How does wind affect trees?

16 Aug 2017

Wind can be a devil with trees, causing damage, and drying out of leaves; especially when the leaf is large and fleshy, such as in Horse Chestnut. 

As a general rule, the more branches there are on a tree, the better the wind is diffused throughout it to keep the tree upright.  Constant wind drag can lead to one sided effects, demonstrated by this coastal planting near Tintagel in Cornwall. The trees resemble the shape of golf clubs, forged by the constant battering from the coastal breezxe.

If you want to plant a tree in exposed windy areas, go for multi stem or feathered trees that are bottom heavy, rather than standard trees that are top heavy and blow about too readily. Even with the best intentions, it is extremely tricky to stake and secure standard trees with long clear stems in very windy locations.  Sometimes, especially on coastal sites, you may have to admit defeat.  Take a look at the surrounding landscape and see what type of trees nature will support in your area and in some instances planting small and working your way upward can be the only way forward.
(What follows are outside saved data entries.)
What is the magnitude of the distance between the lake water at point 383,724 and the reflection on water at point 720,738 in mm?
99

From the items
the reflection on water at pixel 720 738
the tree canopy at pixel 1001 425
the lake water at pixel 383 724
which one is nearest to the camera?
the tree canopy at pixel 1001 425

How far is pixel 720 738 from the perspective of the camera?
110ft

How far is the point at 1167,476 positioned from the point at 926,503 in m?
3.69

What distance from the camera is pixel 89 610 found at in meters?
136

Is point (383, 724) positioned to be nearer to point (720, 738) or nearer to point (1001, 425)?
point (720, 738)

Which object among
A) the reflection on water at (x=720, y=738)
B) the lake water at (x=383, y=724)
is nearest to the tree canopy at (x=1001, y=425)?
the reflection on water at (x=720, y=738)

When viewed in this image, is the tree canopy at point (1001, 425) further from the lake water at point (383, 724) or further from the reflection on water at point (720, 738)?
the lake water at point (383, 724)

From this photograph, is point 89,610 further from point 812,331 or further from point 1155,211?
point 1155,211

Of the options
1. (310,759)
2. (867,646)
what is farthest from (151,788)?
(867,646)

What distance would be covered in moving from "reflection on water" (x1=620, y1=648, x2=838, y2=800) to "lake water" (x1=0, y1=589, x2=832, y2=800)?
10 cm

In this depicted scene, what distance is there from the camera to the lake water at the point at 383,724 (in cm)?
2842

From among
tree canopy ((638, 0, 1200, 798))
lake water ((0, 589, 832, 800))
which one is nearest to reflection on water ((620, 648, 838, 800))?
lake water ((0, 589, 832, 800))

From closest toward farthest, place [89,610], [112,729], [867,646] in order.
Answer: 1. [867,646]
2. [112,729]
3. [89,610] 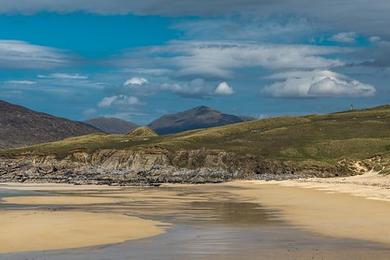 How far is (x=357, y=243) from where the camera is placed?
30.0m

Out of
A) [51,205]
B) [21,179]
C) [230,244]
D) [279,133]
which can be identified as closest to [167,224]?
[230,244]

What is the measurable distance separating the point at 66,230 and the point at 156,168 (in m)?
104

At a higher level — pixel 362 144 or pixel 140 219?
pixel 362 144

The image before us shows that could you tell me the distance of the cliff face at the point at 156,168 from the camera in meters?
130

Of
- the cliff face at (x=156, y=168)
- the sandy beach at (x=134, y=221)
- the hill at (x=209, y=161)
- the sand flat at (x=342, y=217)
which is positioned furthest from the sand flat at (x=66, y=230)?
the cliff face at (x=156, y=168)

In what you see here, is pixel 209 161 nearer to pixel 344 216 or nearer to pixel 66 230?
pixel 344 216

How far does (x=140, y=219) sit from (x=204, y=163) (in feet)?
326

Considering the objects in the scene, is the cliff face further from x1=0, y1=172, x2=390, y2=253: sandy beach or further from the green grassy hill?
x1=0, y1=172, x2=390, y2=253: sandy beach

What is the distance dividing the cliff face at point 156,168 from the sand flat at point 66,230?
3051 inches

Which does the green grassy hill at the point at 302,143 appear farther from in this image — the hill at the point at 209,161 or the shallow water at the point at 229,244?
the shallow water at the point at 229,244

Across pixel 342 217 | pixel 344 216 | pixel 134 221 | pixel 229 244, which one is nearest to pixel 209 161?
pixel 344 216

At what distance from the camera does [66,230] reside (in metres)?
35.6

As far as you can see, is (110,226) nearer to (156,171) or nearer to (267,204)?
(267,204)

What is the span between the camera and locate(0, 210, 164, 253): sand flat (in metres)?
30.5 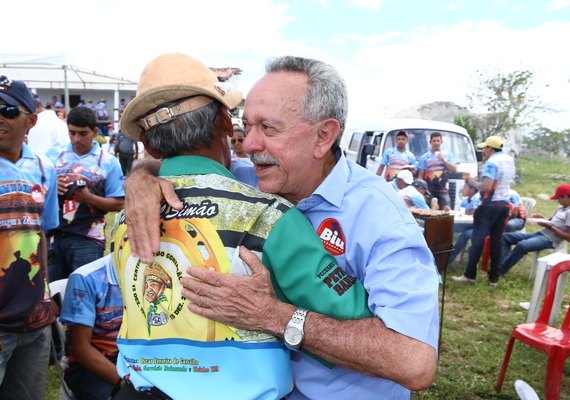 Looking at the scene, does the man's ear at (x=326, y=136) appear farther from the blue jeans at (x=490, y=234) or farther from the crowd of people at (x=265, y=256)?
the blue jeans at (x=490, y=234)

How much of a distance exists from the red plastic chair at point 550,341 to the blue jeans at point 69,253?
3.76 m

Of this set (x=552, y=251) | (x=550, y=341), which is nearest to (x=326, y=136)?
(x=550, y=341)

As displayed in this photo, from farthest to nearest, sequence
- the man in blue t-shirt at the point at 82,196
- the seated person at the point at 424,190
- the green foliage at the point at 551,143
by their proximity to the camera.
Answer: the green foliage at the point at 551,143 < the seated person at the point at 424,190 < the man in blue t-shirt at the point at 82,196

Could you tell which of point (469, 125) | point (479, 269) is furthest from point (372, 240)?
point (469, 125)

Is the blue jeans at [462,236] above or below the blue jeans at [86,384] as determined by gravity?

Species selection in windy areas should also be considered in conjunction with form, some trees will tolerate being blown around far more readily; being adapted to the wind in either form, as mentioned above, or due to the physiological features they exhibit.  Take care not to plant trees with excessively fleshy leaves, as these tend to be the first to be ravaged by the wind, especially during the summer months.  Trees such as Paulownia and Catalpa fall into this category, in windy conditions their large fleshy leaves get torn about by the constant battering and as such the trees will never perform at their best.